** Opening Excerpted data block **

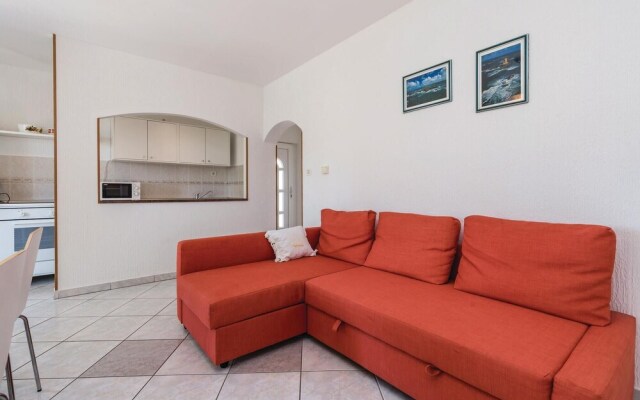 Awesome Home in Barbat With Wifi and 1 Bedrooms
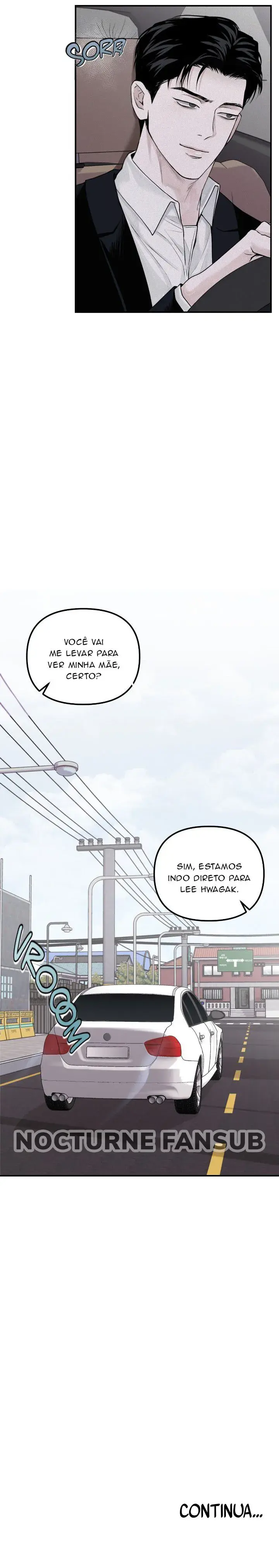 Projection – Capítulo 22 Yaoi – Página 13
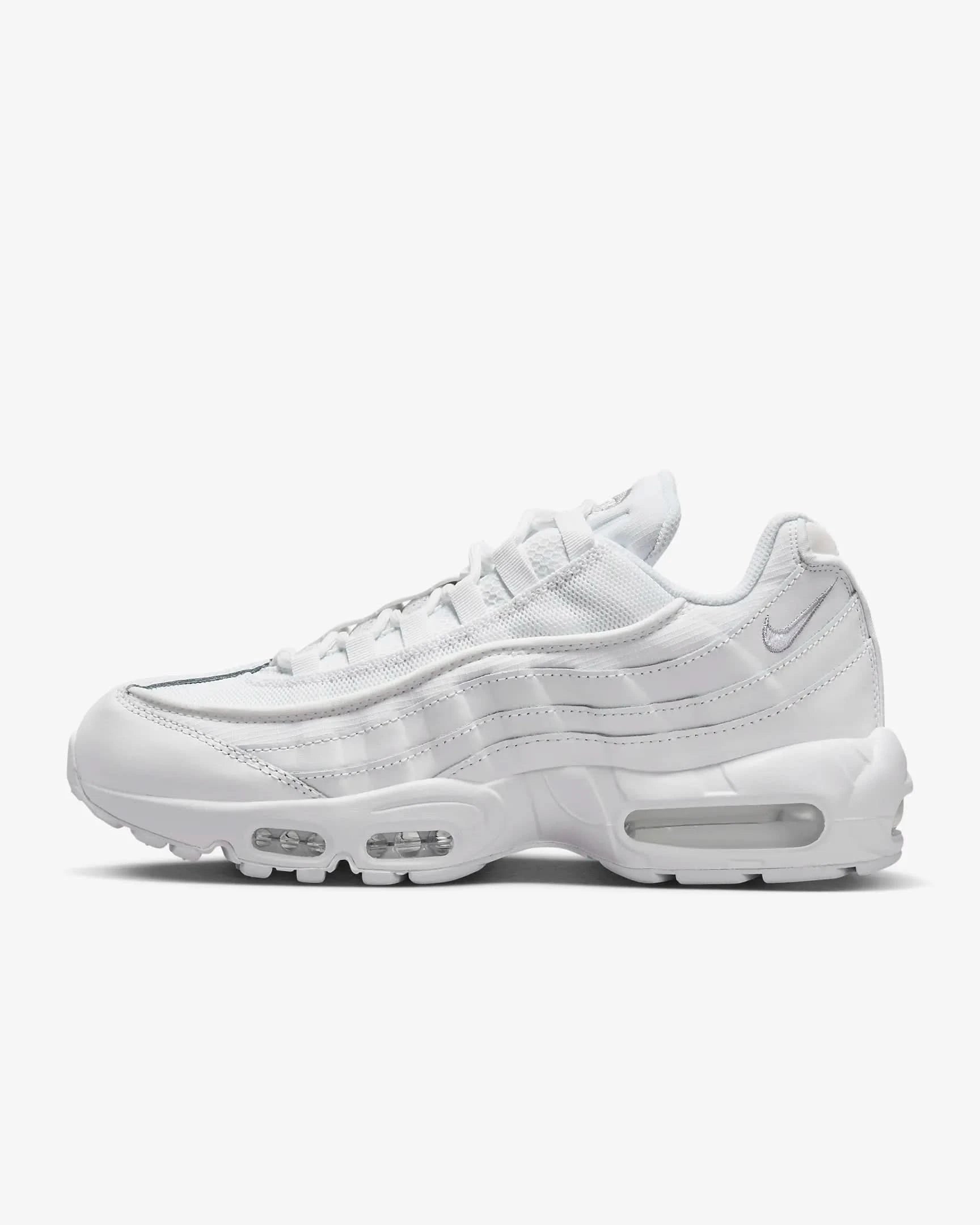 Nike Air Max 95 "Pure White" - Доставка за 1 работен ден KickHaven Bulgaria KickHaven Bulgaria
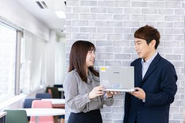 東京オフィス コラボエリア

** Closing Excerpted data block **
** Opening Excerpted data block **

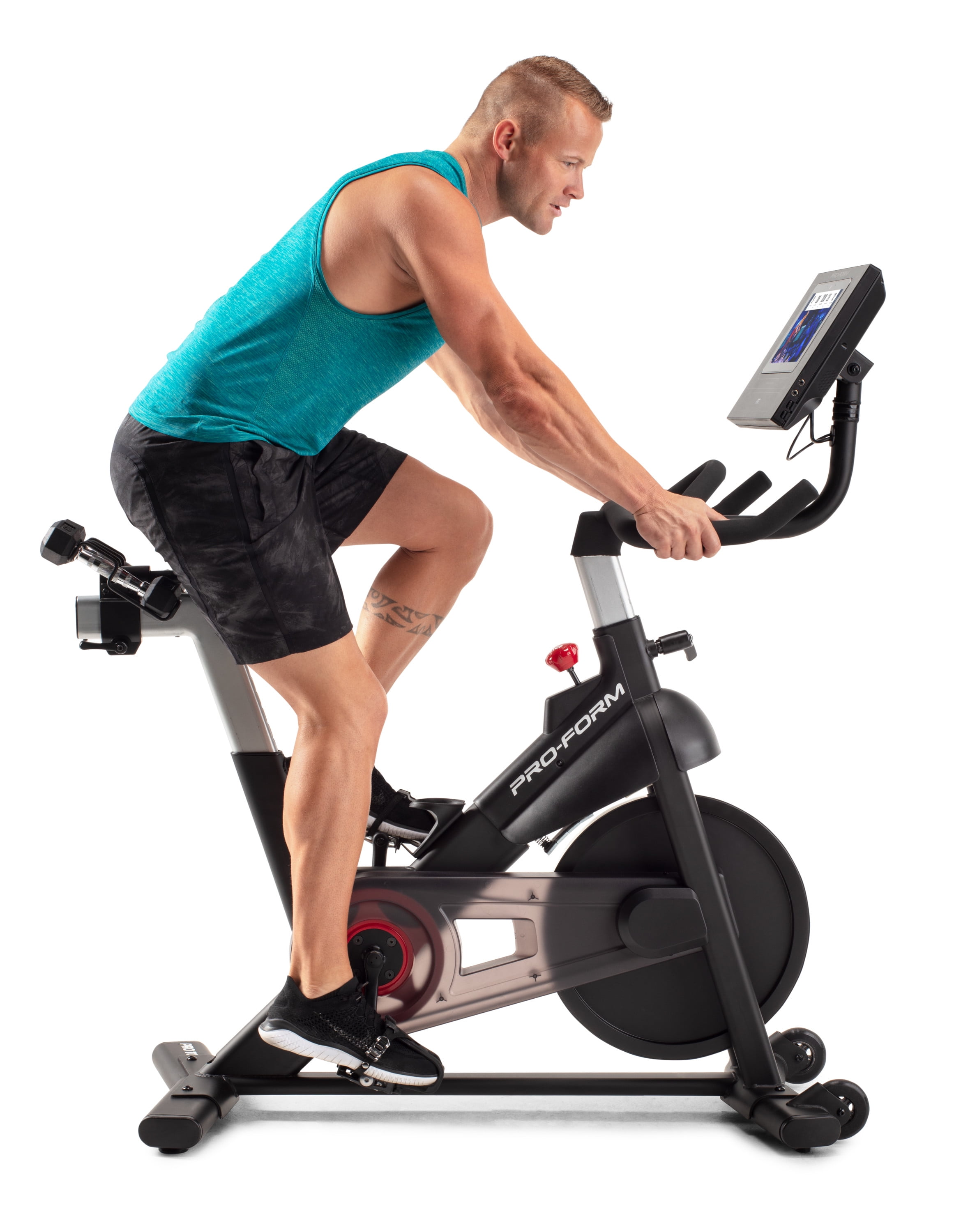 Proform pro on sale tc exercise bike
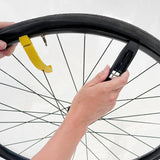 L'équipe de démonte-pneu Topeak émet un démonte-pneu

** Closing Excerpted data block **

Give again the stretch of lines above from the one with "Nike Air Max" through the one with "東京オフィス コラボエリア", both ends kept, and copy no pictures.

 Nike Air Max 95 "Pure White" - Доставка за 1 работен ден KickHaven Bulgaria KickHaven Bulgaria
 東京オフィス コラボエリア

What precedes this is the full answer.